Mike Bless
Analyst · BMO Capital Markets. Your line is open.
Yes. Sure, David. So it’s Mike. So the first – I’ll take your three buckets. The $15 million is already reversed. We’re really convinced it’s a one-time thing. If you look at the Indy Hub prices, and frankly the prices at our nodes have been better than Indy Hub, those aren’t public. But if you even look at Indy Hub, it’s come straight down. And the predictions are, if you look at the forecast, it’s going to be back in sort of the 50s by the weekend and then back in the 30s next week. So it’s really – it was terrible, but it was really a 1-week thing, really maybe more like 8 or 9 days. So last Friday, Saturday when it started creeping up and then it shot up. So the answer on the first bucket is, it all goes away. It all reverses, it’s gone. The second bucket is, again, there’s no – all that is, is an increase from Q4 to Q1, that second bucket that Craig talked about. It’s just the fact that power prices were frankly, I would comment, it’s not unseasonably – they were good in Q4, both Indy Hub and Nord Pool. And then Q1, we – other than the 1-week aberration there, we expect them to be sort of normal Q1. And so our expectation is that come Q2, those prices generally ease back down in a normal year. And our expectation is that they would do the same. And that expectation, David, I’ll – hold this thought for a second because I’ll make a summary comment at the end. That expectation is embedded in the plant cash costs that Craig took you through. And then yes, Mt. Holly is just a burst of expense. Most of it is capital, as Pete said. It’s a burst of expense that’s – most of the items that you don’t capitalize under GAAP tend to be at the beginning of these projects and flow through as expense.
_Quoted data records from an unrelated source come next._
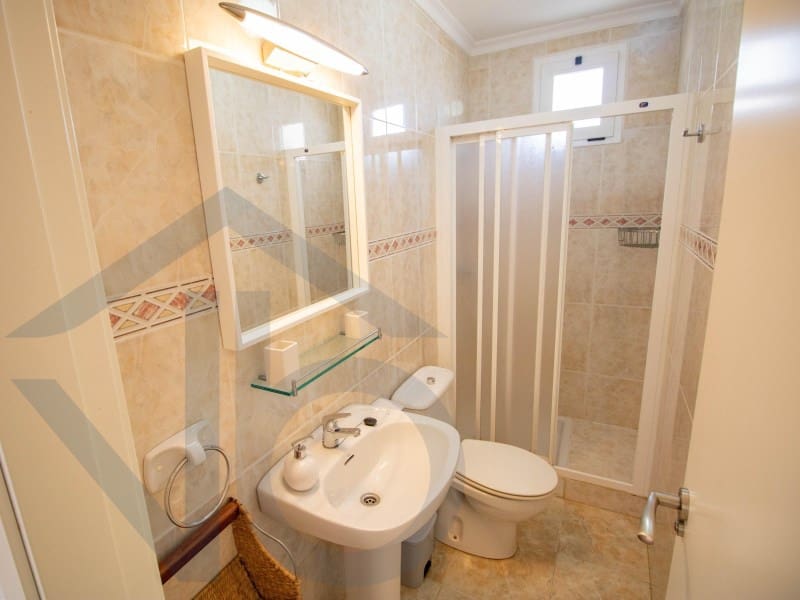 2 bedroom Apartment for sale in San Juan de los Terreros with garage - € 175,000 (Ref: 9416241)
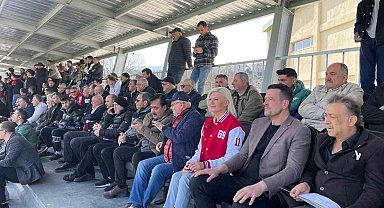 1969 Bilecik Spor Kulübü'ne tam destek
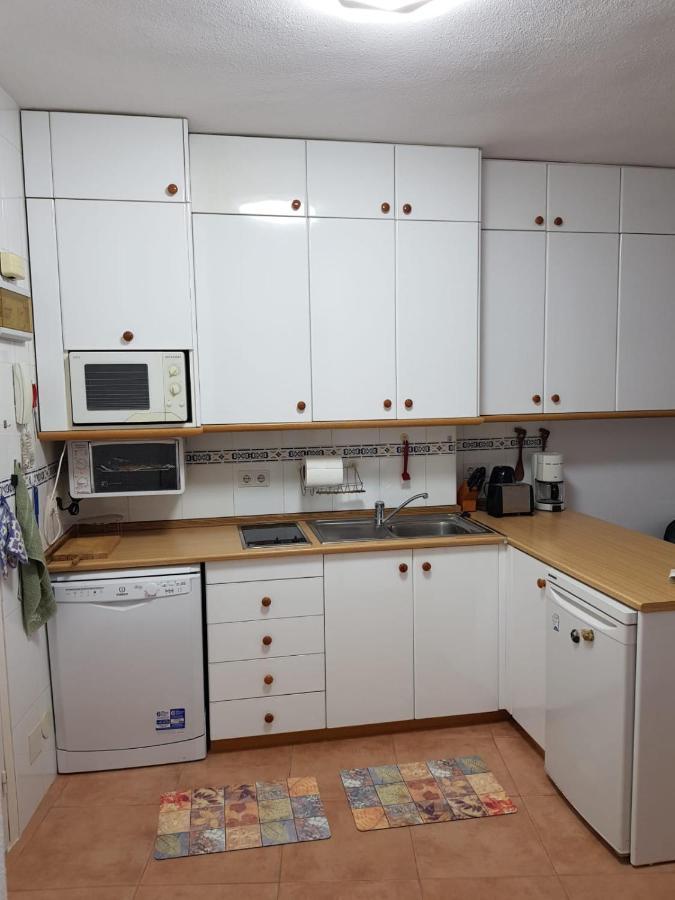 Modern, Cozy Studio Fuengirola Εξωτερικό φωτογραφία
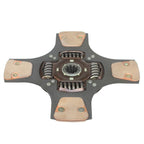 Stage 2 Clutch with Slave Kit for Ford F250 F150 F350 Bronco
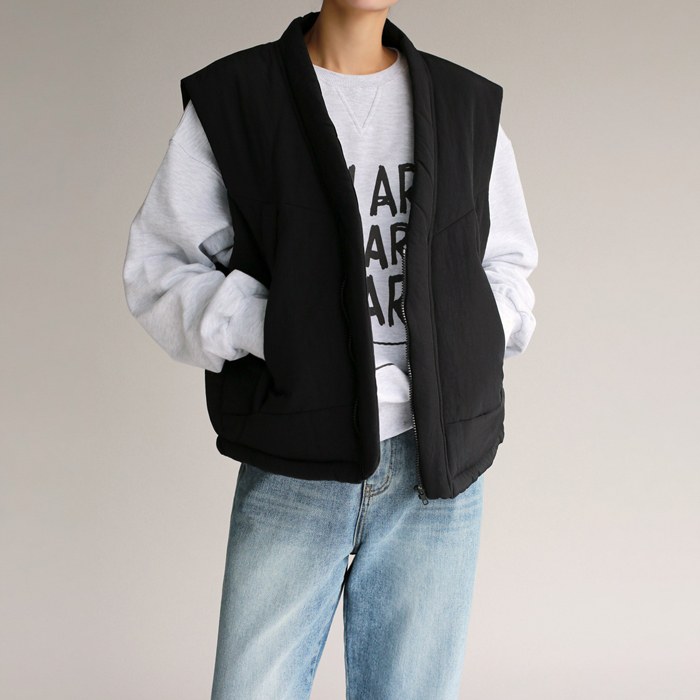 Ade Padding Vest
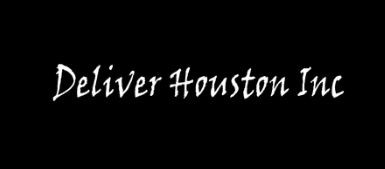 Deliver Houston INC Profile Picture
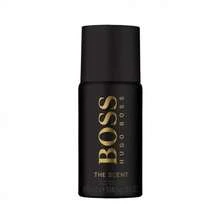 Hugo Boss Hugo B Oss – B Oss The Scent Deodorant Spray (150ml) - Hitam - View 2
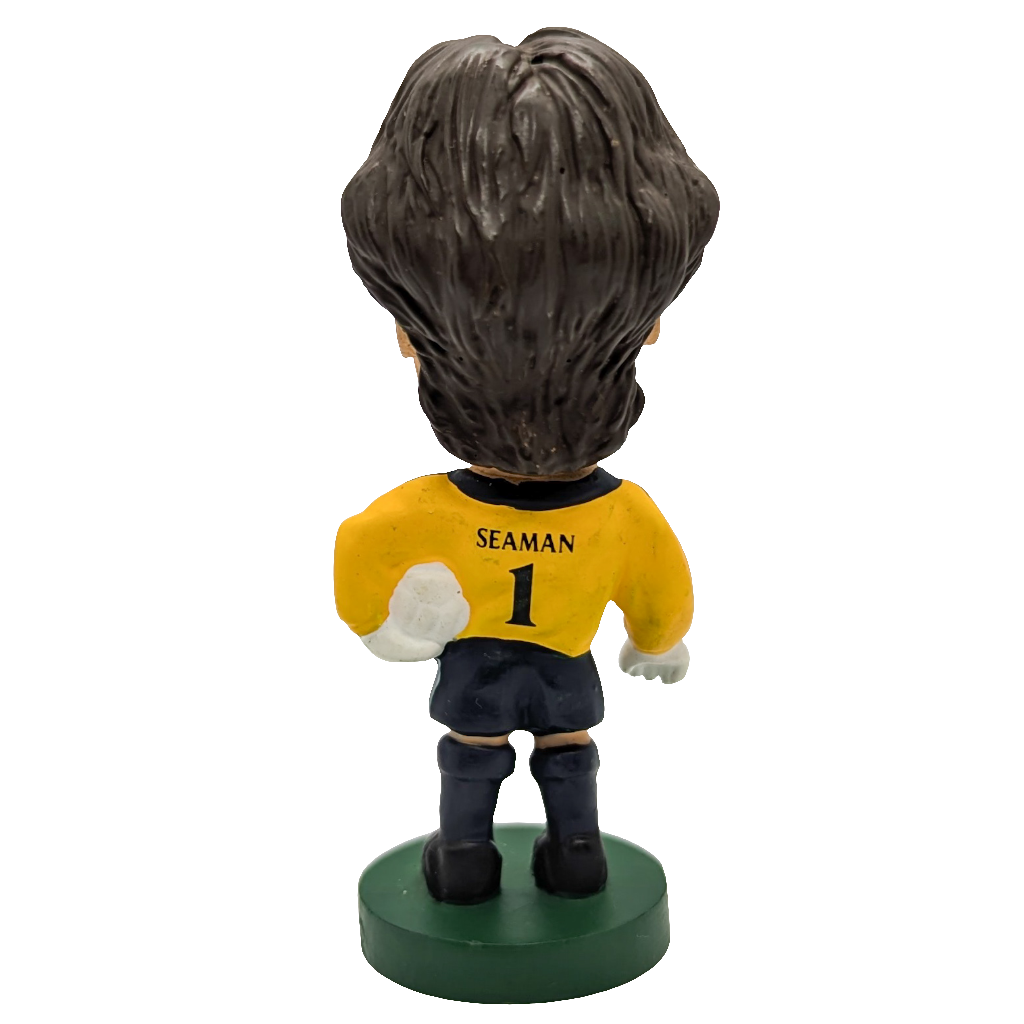 David Seaman - Corinthian Figure (PRO290)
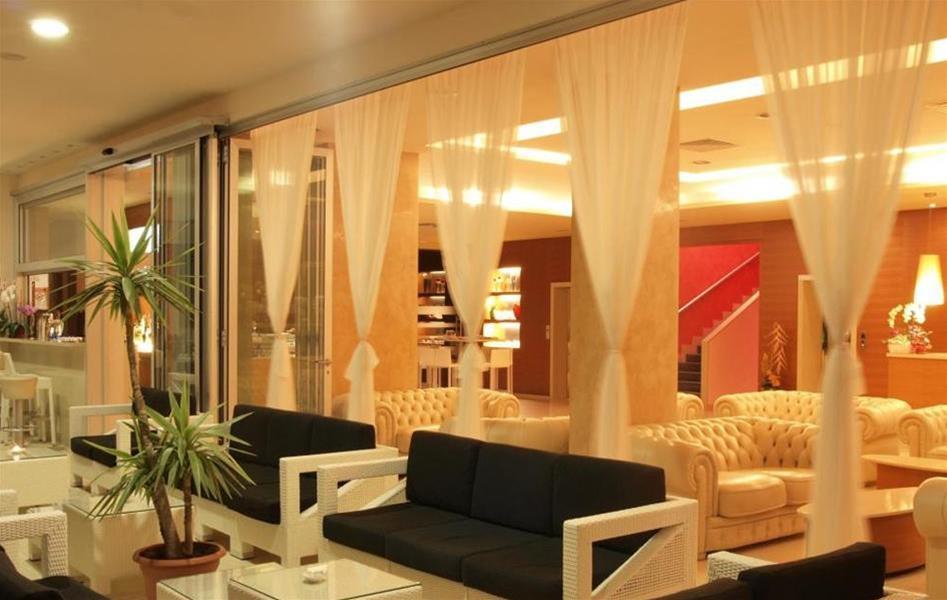 Hotel Parigi بيبيوني المظهر الخارجي الصورة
The only other comment, going back, I apologize, to that second bucket, is I make all those same comments again for both the Indy Hub and Nord Pool. But as Craig said, on Nord Pool specifically, it’s a bit strange here. From a reported earnings perspective, EBITDA and all the rest, the variance in Nord Pool impacts our earnings, but it doesn’t impact our cash flow because we’ve hedged that Nord Pool. We don’t like the volatility, and so we’ve taken that risk out. So while you’ll see it, and Craig will call it out for you every quarter in the EBITDA or the operating profit I guess we should say, from a GAAP standpoint, there’s no cash impact.